Thoughtful site management approaches, clearly defined roles and responsibilities, documented request and approval process and naming conversions have to be planned ahead before you go with site strategy to avoid potential chaos later on. Here is the checklist:
- Site structure: How do you want to segment a server to multiple sites? Should site follow organization or business structure? There is no right or wrong answer here. However you do want to think and plan ahead. On our server, we partition our data, contents and users by business functions and geography locations. We create sites and site naming conversions as business_functions, or business_ geography. For example (Sales_partner, Marketing_APAC, Finance_audit, etc). When we look at a site name, we have some ideas what site is about.
- How many sites you should have? It completely depends on your use cases, data sources, user base, levels of controls you want to have. As a rule of thumb, I will argue anyone who plans to create more than 100 sites on a server would be too many sites although I know a very large corporation has about 300 sites that work well for them. Our enterprise server has 4,000 end users with 20+ sites. Our separate Engineering server has 4 sites for about 1,000 engineers.
- Who should be the site admin? Either IT or business users (or both) can be site admins. One site can have more than one admin. One person can admin multiple sites as well. When a new site is created, server admin normally just adds one user as site admin who can add others as site admins.

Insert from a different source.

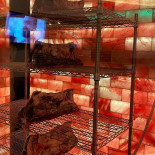 Three Sinners Dentro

- What controls are at site level? All the following controls can be done at site level:
- Allow site admin to manage users for the site
- Allow the site to have web authoring. When web authoring is on, it does not mean that all views within the site are web editable. The workbook/view level has to be set web editing allowed by specific users or user groups before the end user can have web editing.
- Allow subscriptions. Each site can have one ‘email from address’ to send out subscriptions from that site.
- Record workbook performance key events metrics
- Create offline snapshots of favorites for iPad users.
- What privileges server admin should give to site admins? Server admin can give all the above controls to site admin when the site is created. Server admin can change those site level settings as well. Server admin can even take back those privileges at anytime from site admin.
- What is new site creation process? I have new site request questionnaires that requester has to answer. The answers help server and governance team to understand the use cases, data sources, user base, and data governance requirements to decide if their use cases fit Tableau server or not, if they should share an existing site or a new site should be created. The key criteria are if same data sources exist in other site, if the user base overlaps with other site. It is balance between duplication of work vs. flexibility. Here are some scenarios when you may not create a new site:
- If the requested site will use the same data sources as one of the existing sites, you may want to create a project within the existing site to avoid potential duplicate extracts (or live connections) running against the same source database.
- If the requested site overlaps end users a lot with one existing site, you may want to create a project within the existing site to avoid duplicating user maintenance works.
As a summary, Tableau site is a great feature for large Tableau server implementations. Sites can be very useful to segment data and contents, distribute admin work, empower business for self-service, etc. However site misuse can create a lot extract work or even chaos later on. Thoughtful site strategy and governance process have to be developed before you start to implement sites although the process evolves toward its maturity as you go.